What’s more, far from displaying any worry about the U.S. withdrawing these benefits, Iran’s leaders also seem to think now is a good time to rub the Americans’ faces in their disgrace. Rouhani’s foreign minister, Mohamad Javid Zarif, who was shaking hands with Kerry in Geneva in November, yesterday took time out to lay a wreath at the grave of the man who planned the terrorist attack on the U.S. Marine barracks in Beirut in 1983 as well as other crimes against Americans. As Tower.org reported, Zarif paid homage to Hezbollah’s Imad Mughniyeh in Lebanon yesterday, making clear that the new moderate government maintains the same policy priorities as the hardliners.

Of course, the revelation that the secret diplomatic back-channel talks that led to the November deal began before Rouhani’s election last summer gave the lie to the notion that the renewed talks were the result of changes on Iran’s part rather than Obama’s decision to give Tehran what it wanted. But as Elliott Abrams noted today at Pressure Points, the juxtaposition between the administration’s weakness and Iran’s chutzpah bodes ill for the next round of nuclear talks.
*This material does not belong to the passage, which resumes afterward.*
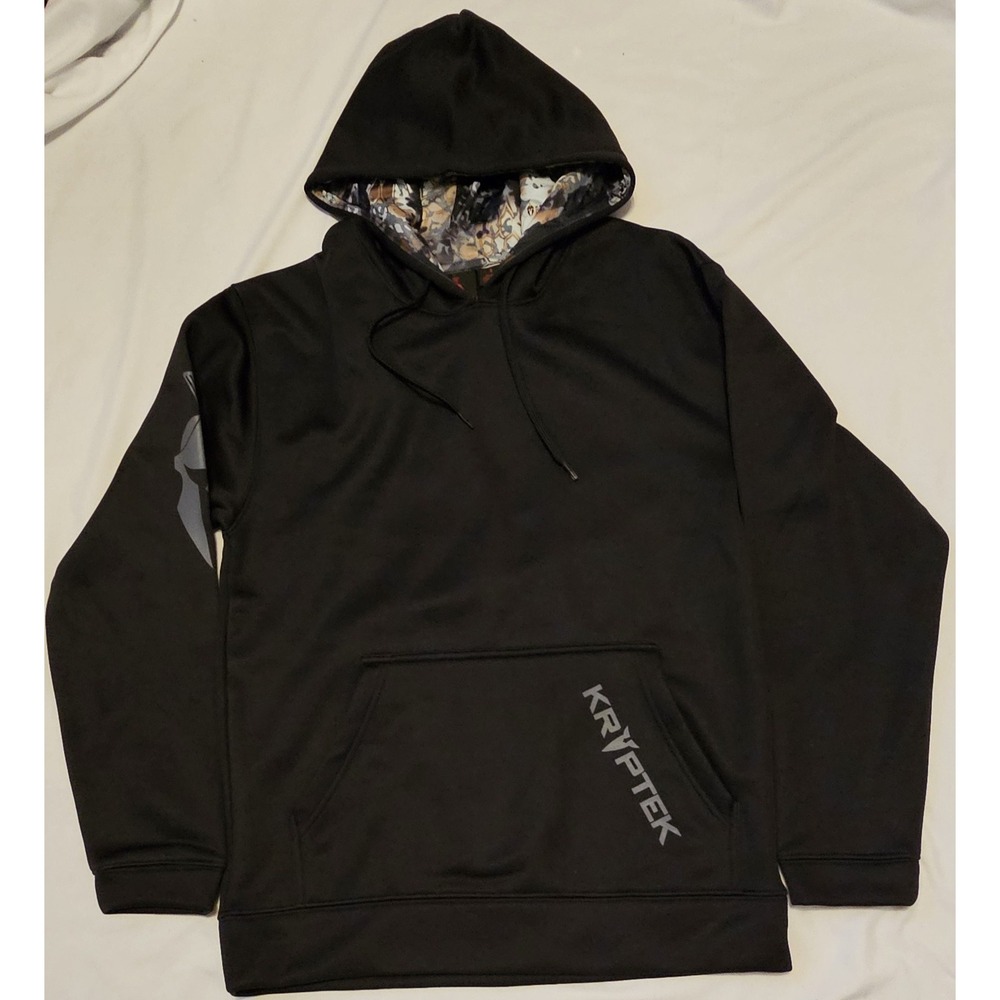 NWOT Men's Kryptek Tartaros Black Hoodie With Highlander Lined Hood Size Small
The Iranians have always acted as if they thought Obama was a weakling, but their brazen behavior this week demonstrates again that they think there is nothing they can do or say that could possibly provoke a reaction from Washington. While the president pulls out all the stops to prevent even the threat of future sanctions—the proposal being considered by the Senate would not go into effect until after the next round of talks fails—the Iranians are showing they will agree to nothing that will thwart their nuclear ambitions and think Obama won’t lift a finger to stop them.
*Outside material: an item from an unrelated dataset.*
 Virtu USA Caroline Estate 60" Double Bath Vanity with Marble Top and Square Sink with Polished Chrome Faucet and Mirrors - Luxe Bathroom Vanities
Rather than bolstering the president’s effort to stop the sanctions bill, Rouhani’s tweet, Zarif’s photo op, and the general applause for the deal being sounded by Iran’s theocrats should convince the Senate to pass the sanctions bill. While Iran is unlikely to halt its  nuclear program under any circumstances, any slim hope of diplomatic success rests on a credible threat of U.S. pressure on the regime. Far from sparking conflict, the sanctions bill may be the only hope Washington has of influencing the Iranians to turn back before it’s too late.